二氧化鈦奈米管屬於anatase晶相之高表面積的觸媒載體,是利用商業化的二氧化鈦P25在NaOH進行水熱處理後,以HCl酸洗所製備而成的,而奈米管的表面積大約為400 m2/g。將二氧化鈦奈米管和其他商業化可利用的二氧化鈦奈米顆粒含浸銅後,進行以NH3選擇性觸媒還原NO的檢測,結果顯示銅在二氧化鈦奈米管較在其他奈米顆粒上有較高的觸媒活性,在程溫還原和X光光電子能譜分析中,反映出奈米管的大表面積結構對於銅分散的優勢,因此導致銅分散在奈米管上有高的活性。   在載入金屬離子進入多孔性的二氧化鈦載體時,初濕含浸法和濕式含浸法是常見的使用方法,在本研究中期望發展出一種為“水熱離子嵌入”法,是在二氧化鈦水熱處理形成時,將銅離子插入在鈦酸的層狀結構內。而經過水熱離子嵌入過程所得載入銅的二氧化鈦,在以NH3選擇性觸媒還原NO反應中最高的活性,利用X光吸收光譜和擴散反射式UV-vis吸收光譜進行分析,反映出水熱離子嵌入法可以防止銅的聚集,並且有效地分散氧化銅在二氧化鈦奈米管上,因此高度的分散性加上高表面積的載體,將導致有高活性的二氧化鈦載體觸媒。

English Abstract

Large surface-area catalyst supports, TiO2 nanotubes in anatase phase, were prepared from hydrothermal treatment of the commercial P25 TiO2 in NaOH followed by HCl washing. The surface area of the nanotube aggregates is as large as ca. 400 m2/g. The TiO2 nanotubes and other commercially available TiO2 nanoparticles were impregnated with Cu and examined in selective catalytic reduction of NO with NH3. The coppery species supported on the nanotubes showed a higher catalytic activity than those supported the nanoparticles.
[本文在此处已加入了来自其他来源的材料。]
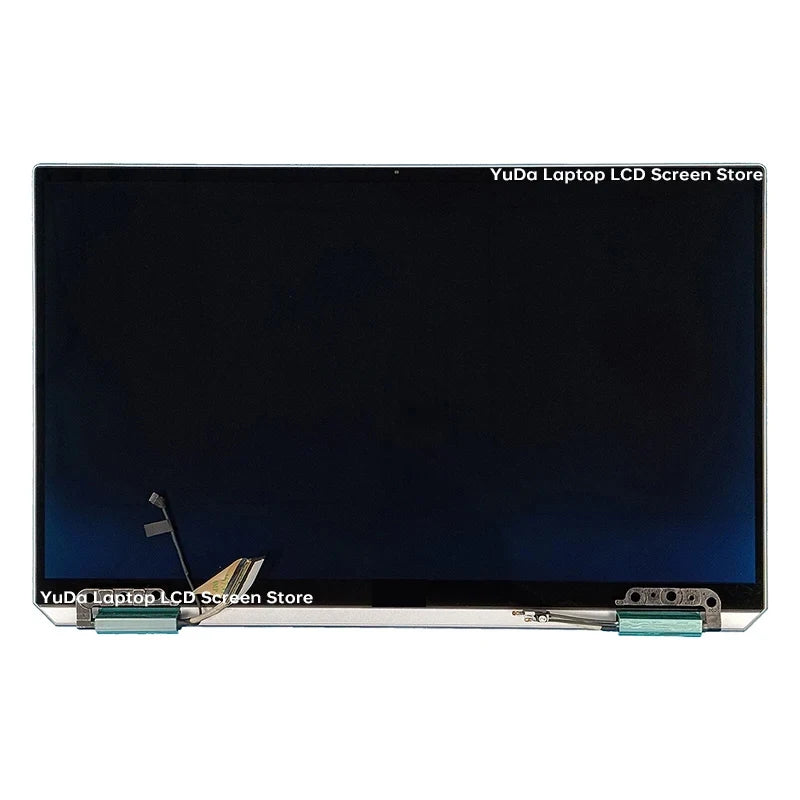 13.3 Inch Touch Screen For HP Spectre x360 13-aw TPN-Q225 LCD Display Full assembly Replacement L72403-001 L75191-001 L75195-001 HP laptop repair parts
Analysis with temperature programmed reduction and X-ray photoelectron spectroscopy reflected that the large surface-area feature of the nanotubes was advantageous for Cu dispersion, thus leading to a high activity of Cu distributed over the nanotubes.   In incorporating metal ions into porous TiO2 supports, incipient wetness impregnation and wet impregnation were the methods generally used. The present work wishes to report a newly developed “hydrothermal ion-intercalation” (HII) method, in which Cu ions can intercalate into the interlayer of the titanate species formed during the hydrothermal treatment on TiO2. The Cu-planted TiO2 through the HII process was shown to have the highest activity in selective catalytic reduction of NO with NH3. Characterizations with X-ray absorption and UV-vis diffuse reflectance spectra reflected that the HII method can retarded the agglomeration of copper species and effectively disperse copper oxides on TiO2 nanotubes. The high degree of dispersion combined with the high surface area of the support would lead to high activity of TiO2-supported catalysts.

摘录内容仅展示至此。